Il n’est plus temps, néanmoins, de faire preuve, aux yeux de l’Europe, d’une parfaite impartialité ; car lorsque des papiers n’ont été ni scellés, ni inventoriés en présence de celui à qui ils appartiennent[1] ; et lorsqu’on s’en est rendu maître, au milieu d’une invasion tumultueuse, et après l’irruption d’une foule inconnue, il n’est plus que possible de garantir, que les papiers les plus favorables à la cause du Roi n’ayent été détruits ou dissipés.

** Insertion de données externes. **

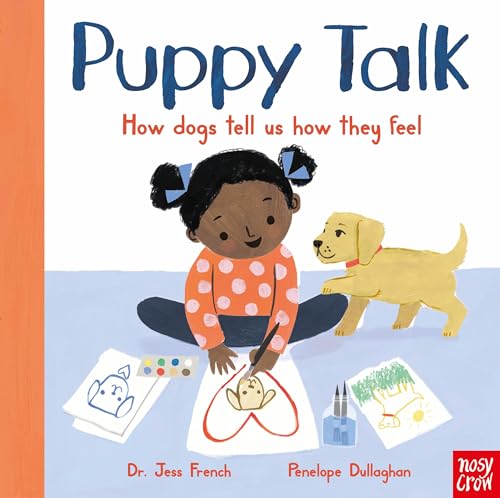 Puppy Talk: How Dogs Tell Us How They Feel (Cat Chat & Puppy Talk, Bk. 2)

Le Roi, dans la solitude où il passoit sa vie, avoit l’habitude de faire des notes ou des observations, soit à-propos de ses lectures, soit à l’occasion des affaires publiques ; on y auroit apperçu, je le sais, la justesse de son esprit, la modération de ses sentimens, la bonté de son ame et son attachement si pur au bonheur et la gloire de la France. Que sont devenus ces papiers, les auroit-il brûlés lui-même par une modeste indifférence, pour garder uniquement ceux dont on nous a donné connoissance ; ou s’ils existoient encore, lorsqu’on a fait une invasion dans son Cabinet, qu’on les donne à dépouiller à quelque main amie ! On y trouveroit peut-être des expressions de sentimens qui seroient en accord avec les paroles de son Discours aux États-Généraux. Tout ce qu’on peut attendre du plus tendre intérêt au bonheur public, tout ce qu’on peut demander à un Souverain, le premier ami ce ses Peuples, vous pouvez l’attendre de moi. On en trouveroit qui seroient en accord aussi avec ces paroles de son Discours du quatre Février et dont j’ai eu long-temps les propres mots ou à-peu-près, écrits de la main même de Sa Majesté.

  1. Je parle ici des papiers saisis dans les appartemens des Thuileries.